Get Me Someone With a Pulse . . .

Change your address for your Sports Illustrated subscription via phone, and you will “converse” with a robotic voice that can’t understand how two towns can share a ZIP code. No amount of pressing “0” for an operator will get you help. The obvious fix: Provide an escape to reach an attendant.

Or ring Comcast during a broadband outage. In one recent incident, the automated routing system sent you straight to the company’s pay-by-phone system. Maybe you’d be happier about paying the bill if your Internet access worked. The fix: Install a system that has the logic to route the call to the technical service department.

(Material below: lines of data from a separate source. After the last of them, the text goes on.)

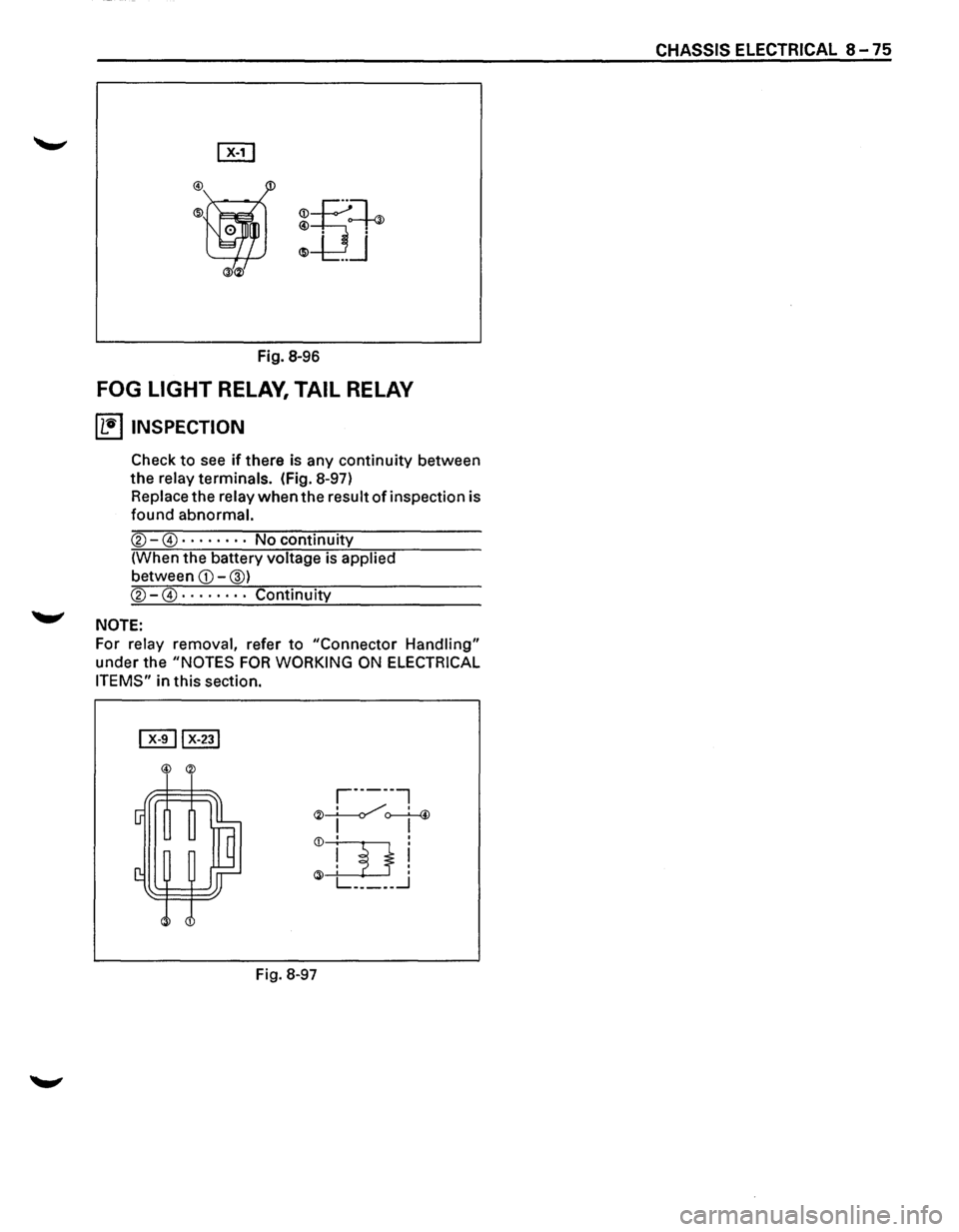 ISUZU TROOPER 1995 User Guide <Dn·~ @ .
G) ••• J
Fig. 8-96
FOG LIGHT RELAY, TAIL RELAY
~ INSPECTION
Check to see if there is any continuity between
the relay terminals. (Fig. 8-97)
Replace the relay
when the re ISUZU TROOPER 1995 User Guide <Dn·~ @ .
G) ••• J
Fig. 8-96
FOG LIGHT RELAY, TAIL RELAY
~ INSPECTION
Check to see if there is any continuity between
the relay terminals. (Fig. 8-97)
Replace the relay
when the re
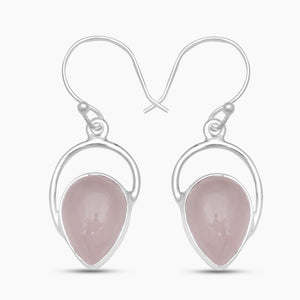925 Silver Rose Quartz Earrings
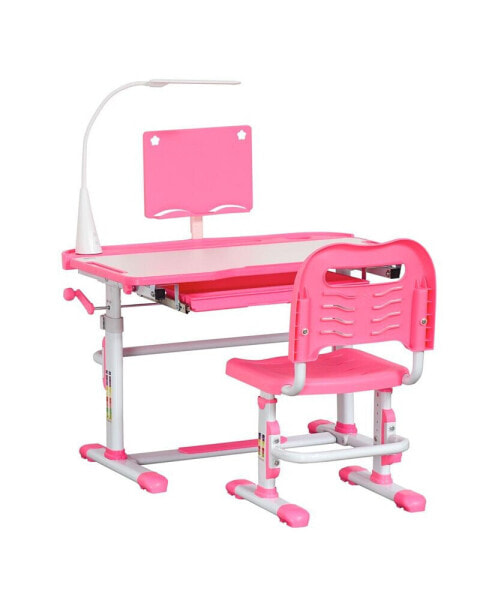 Kids Desk and Chair Set, Height Adjustable School Study Table and Chair, Student Writing Desk with Tilt Desktop, LED Lamp, Pen Box, Drawer, Reading Board, Cup Holder, and Pen Slots, Pink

If that isn’t enough fun, have an AT&T rep explain why the company nixed your phone service 14 days earlier than requested with only a day’s notice, and can’t restore service for a week and a half. The fix: a system that could flag conflicts in schedules. The bright side? A human broke the news.

These experiences are the results of customer service systems built to cut costs rather than keep customers happy. Providing good customer service on the cheap is easier said than done. This is not a problem that can be solved with just a dash of quality assurance testing or a pinch of thoughtful design. Companies looking to cut costs and corners are likely to lose customers.

But it’s an ingrained habit. “A publicly held company is looking to do service as cheaply as possible,” says Steve Sarowitz, president and CEO of Ameripay, a small third-party billing provider.

Ameripay is a company with about $7 million in revenue, but Sarowitz—who detests automated systems—may be on to something. He argues that smaller companies have to give good service or perish. But even if Ameripay, which handles billing for companies in the Midwest, grows to be a $7 billion company, Sarowitz says he won’t scrimp on service.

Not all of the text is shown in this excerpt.